The secret Londoners and their love for the capital…

From finance to food to fashion, London’s the everything capital of the world. No wonder you’ve got everyone from the Abramovichs to Beckhams calling the capital home. But turn the books of history and you’d find so many more notable names who’ve been Londoners in their lifetime.

We’ve picked out a few secret Londoners, take a look:

Voltaire

Voltaire, the French philosopher, lived in London for almost three years in the 1720s. He had been exiled from France as a result of a fracas and was a fervent admirer of the English government. He was however chased through the streets of London by a mob as a result of being so obviously French but his quick wits saved him as he told the mob “Brave Englishmen, am I not already unfortunate enough not to have been born among you?” He then wandered back to his dwellings thought to have been in Maiden Lane.

Van Gogh

Van Gogh

Van Gogh also spent time in our capital both in Brixton and Isleworth.
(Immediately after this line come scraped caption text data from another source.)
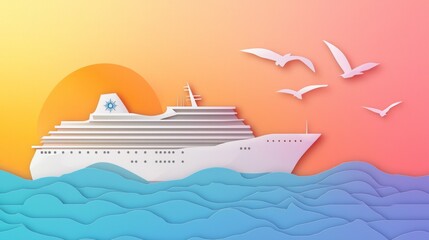 Paper-cut style, Cruise ship, travel industry. Vacation concept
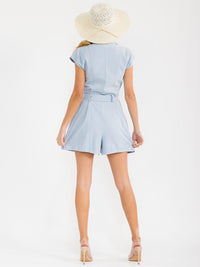 WOMEN'S SHORT SLEEVE ZIP UP POCKETS SELF TIE ROMPER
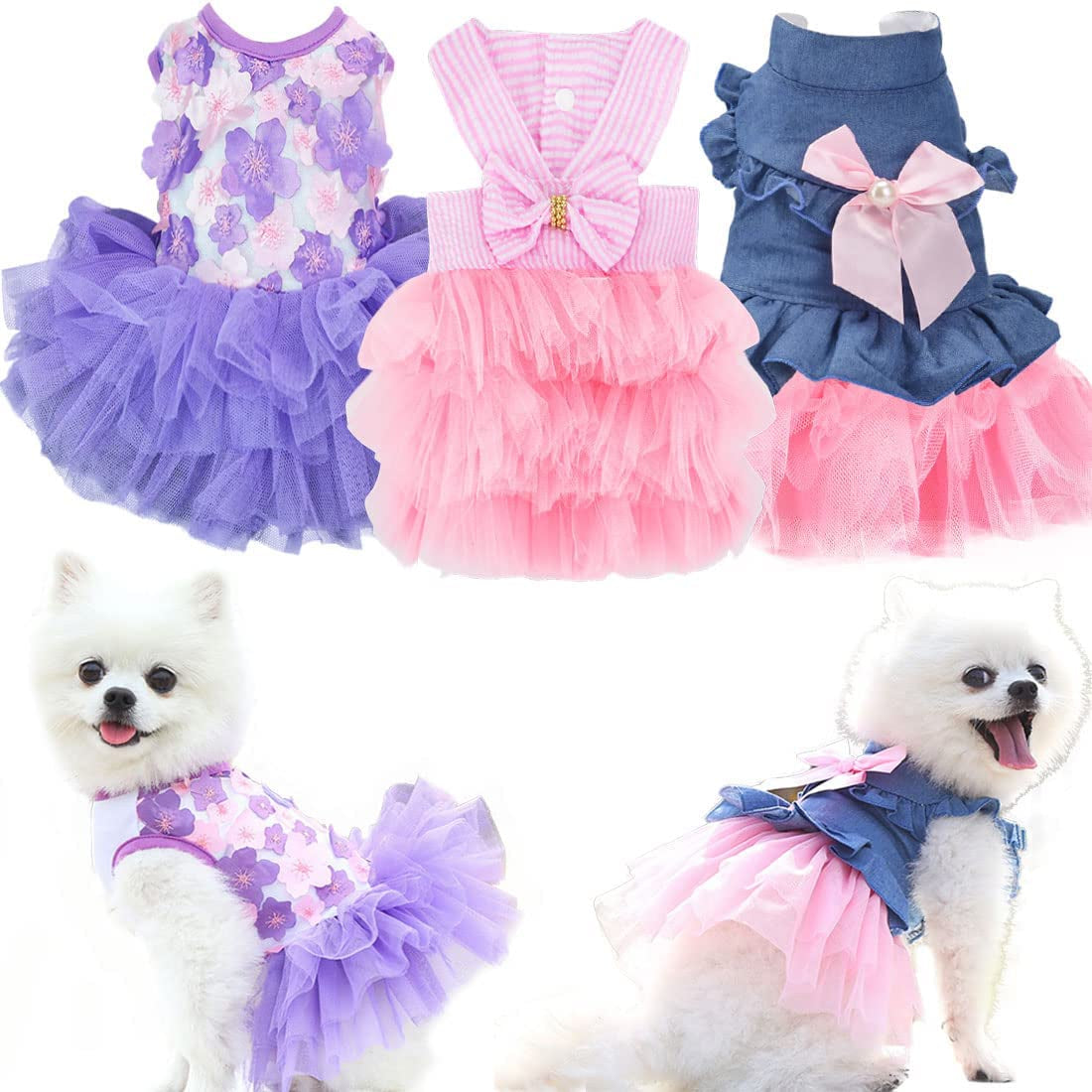 Set of 3 Dog Clothes for Small Dogs, Puppy Dress for Girl Dogs, Autum Cute Female Pet Skirt Clothes Outfit Pink Yorkie Sundress Costume Cat Clothing for Small Doggie Breed (Small)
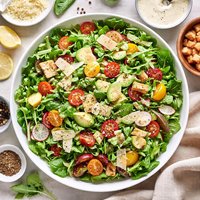 Mixed Green Salad with Parmesan Pepper Dressing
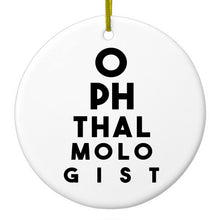 DistinctInk® Hanging Ceramic Christmas Tree Ornament with Gold String - Great Gift / Present - 2 3/4 inch Diameter - Ophthalmologist Eye Chart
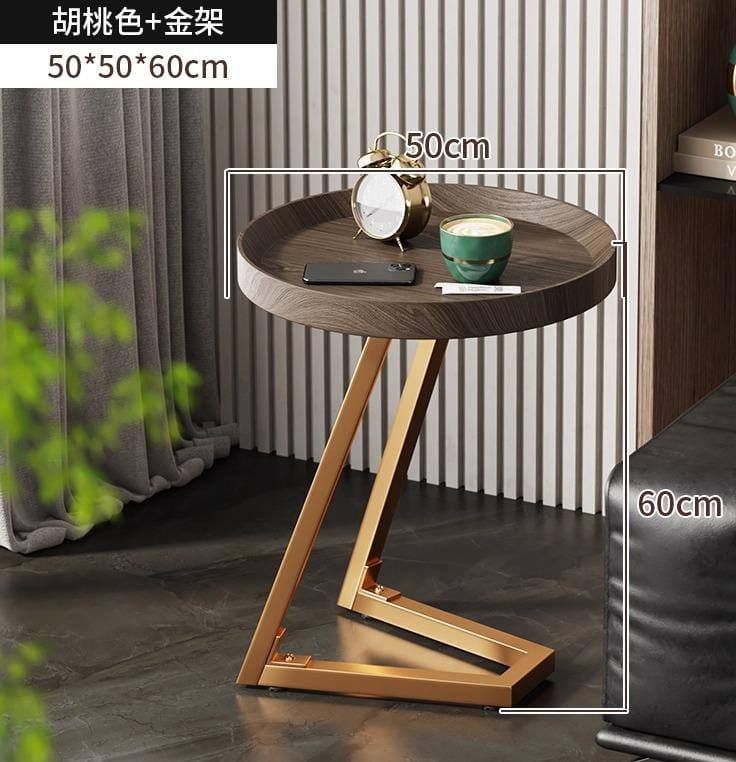 Modern Round Side Table with Marble/Wood Top and Gold Frame UAE | D-E49 – Image 2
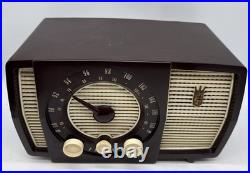 Vtg 1950 Zenith Tube Radio Y723 Bakelite AM/FM MCM Savanna Brown White Powers On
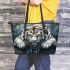 Sad white tiger with dream catcher leather tote bag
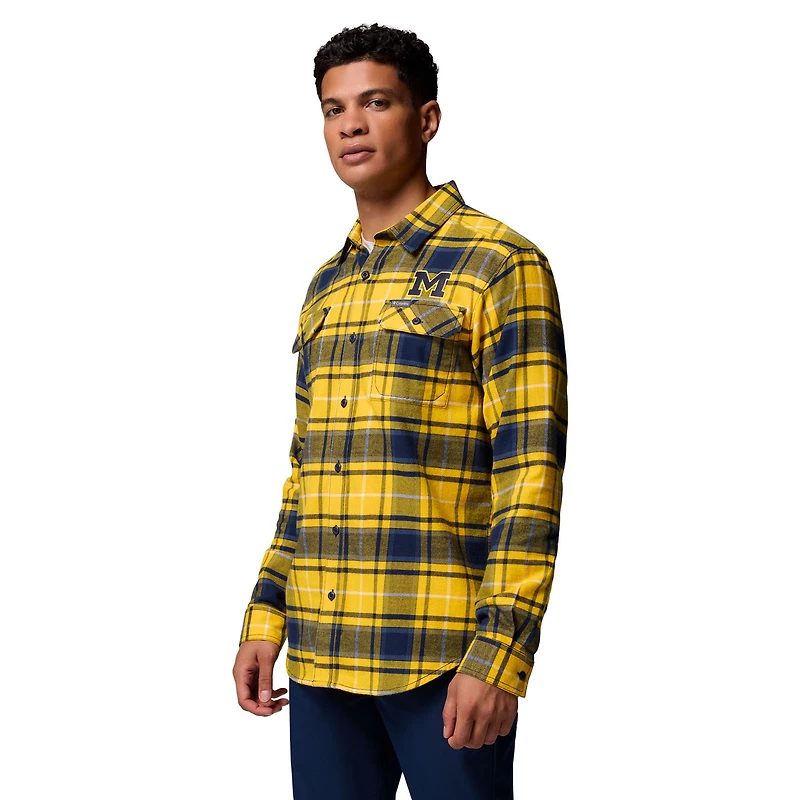Men's Columbia  Maize Michigan Wolverines Flare Gun Omni-Wick Flannel Long Sleeve Button-Up Shirt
He arrived in 1873 and worked as an assistant at the art dealers Goupil and Co. in Bedford Street. But his time at 87 Hackford Road SW9 lasted only weeks before he was emotionally rejected by the daughter of the landlady. Returning in 1876 proved more favourable, professionally at least as the local clergyman was so impressed by van Gogh’s religious fervor that he employed him as a part-time preacher in his church.

Peter the Great

Peter the Great, the Russian Tsar, went on a tour around Europe in the late 1690s to study western technology, especially shipbuilding. Staying in England for four months, he rented a house called Sayes Court in Deptford from the diarist John Evelyn. He proved a tenant from hell as he destroyed the carefully tended gardens belonging to Evelyn and as he took delight in being pushed through the hedges on a wheelbarrow by his servants. Sayes Court Park stands on the site of the garden that Peter ruined.

Mahatma Gandhi

Ghandi

Mahatma Gandhi came to London as a law student in the late 1880s and lived for a while in Barons Court Road. He came back to the capital in 1931 as a spiritual leader of Indian nationalism and “the little man with no proper clothes on”, as George the Fifth once described him.

Ho Chi Minh

Ho Chi Minh, the future president of North Vietnam worked as a vegetable cook in 1914 at the Carlton Hotel, which was destroyed in the Blitz and is now the site of New Zealand House. The restaurant in the hotel was Churchill’s favourite at the time and it is possible he may have eaten food prepared by the man who later founded the Vietnamese Communist Party.

John Harvard

Harvard

John Harvard, the man who gave his name to one of America’s finest universities, in fact only spent a year of his life over the pond. He was born in Southwark in 1607, the son of a butcher, and baptised in what is now Southwark Cathedral.

Bob Hope

Bob Hope, likewise an American institution, was born in Craigton Road, Eltham in 1903 and lived to be 100 years old. Hid family left in 1907 and he became a dancer, joined the vaudeville circuit and then struck lucky in Hollywood. As Hope himself said, “I left England at the age of four when I found out I couldn’t be King”.

Sigmund Freud

Sigmund Freud is arguably better known for his connection with London and his time at 20 Maresfield Gardens in Hampstead, where there is now a small museum in his name, complete with the famous couches. This is where he lived after a brief stay in Primrose Hill on arriving from exile from Vienna.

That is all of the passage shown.